Please retype the listing exactly as it appears, skipping each picture.

## Provided data:
== == ==

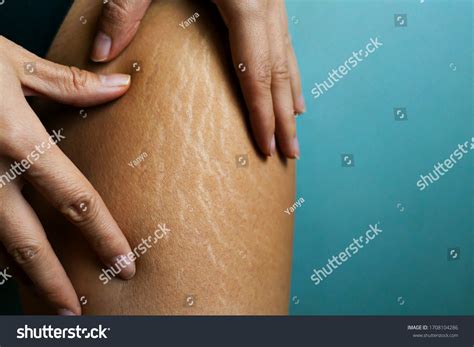 Stretch Marks On Womans Legs Female Stock Photo Edit Now 1708104286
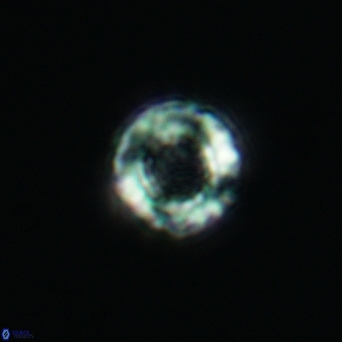 Cribrocorona gallica 3000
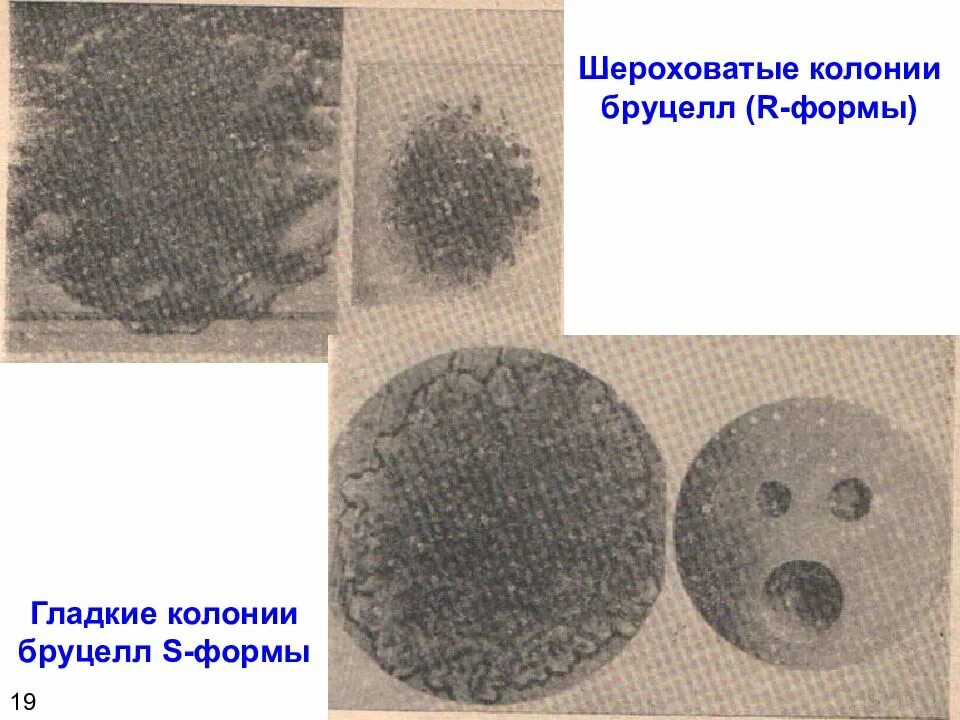 S r формы. Колонии s и r формы. шероховатые формы колоний. шероховатые колонии. r форма колоний.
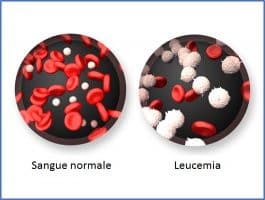 Leucemia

== == ==

## Answer to this exercise:
 Stretch Marks On Womans Legs Female Stock Photo Edit Now 1708104286
 Cribrocorona gallica 3000
 S r формы. Колонии s и r формы. шероховатые формы колоний. шероховатые колонии. r форма колоний.
 Leucemia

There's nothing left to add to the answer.